Friday, 6 March 2015

A Cunning Plan

HEY GAIZ! U NO THAT THING THAT COUNTRY DID THAT TURNED IT INTO AN INTERNATIONAL PARIAH? WE NEED A PIECE OF THAT. THAT’S THE GOOD SHIT.



Unexpurgated minutes there from the most recent meeting of Prime Minister Abe’s Senior Advisory Panel.

We begin with a quick recap for those of you who remain blissfully unaware of the latest spasms jerking through the Japanese body politic’s shambling corpse as this brain-dead-yet-somehow-still-animate organism continues its lifelessly inept attempts to interact with the wider world.

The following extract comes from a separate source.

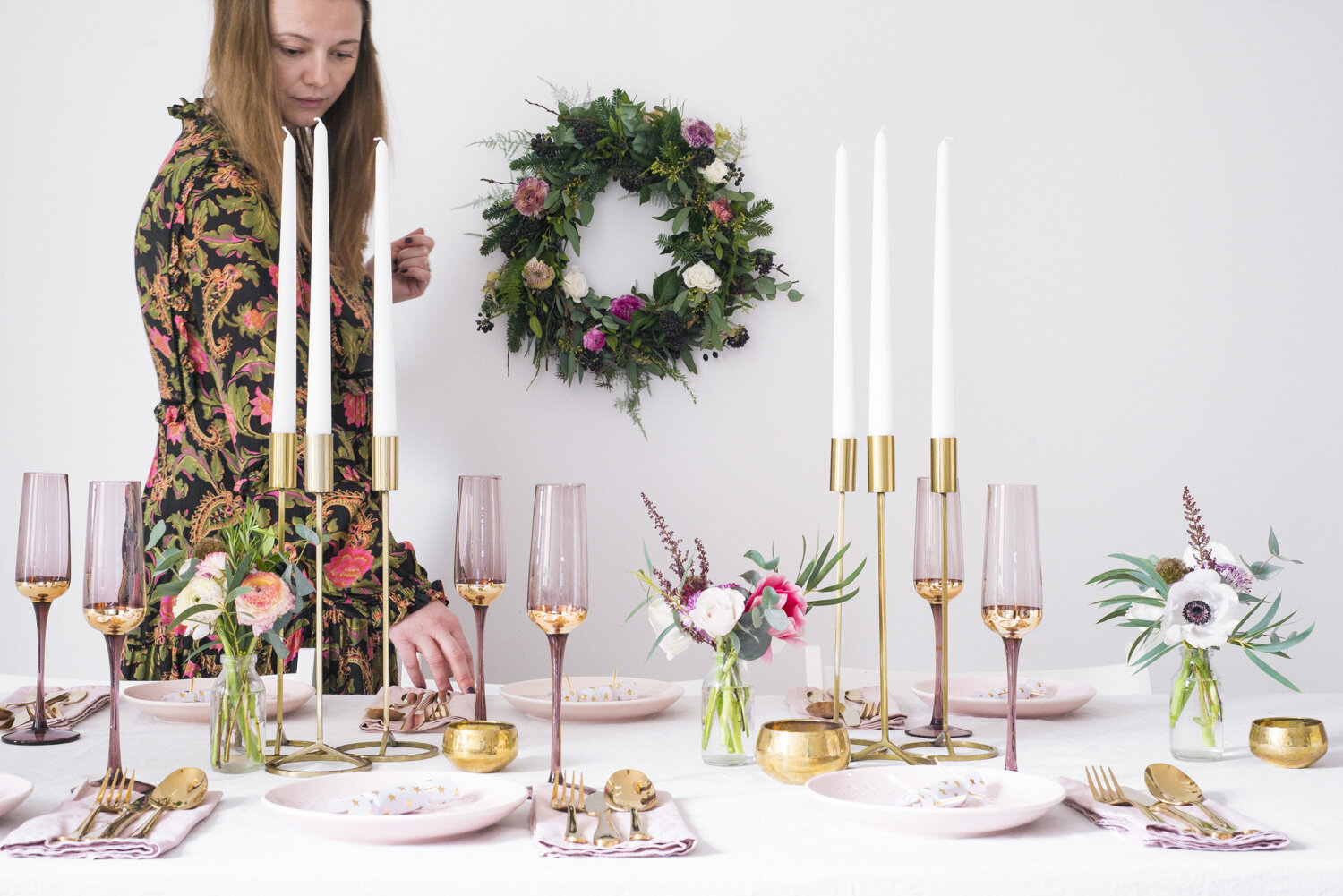 A pink and Gold table for Betty Magazine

A few months back Aso Taro, the finance minister and deputy prime minister (and ex-prime minister to boot), saw fit to pass comment on the potential for revising Japan’s constitution. To say that this is a hot-button topic is to understate things fairly dramatically, but it’s certainly a legitimate issue for public discussion and debate and a man in Aso’s position frankly should be talking about it. Trouble is, what he said was the exact opposite of this: basically that they wanted to avoid debate as much as possible and try to sneak constitutional revision in by the back door. Then he went and auto-Godwinned himself all to fuck by holding up Nazi Germany as the model to copy.

Well done Taro.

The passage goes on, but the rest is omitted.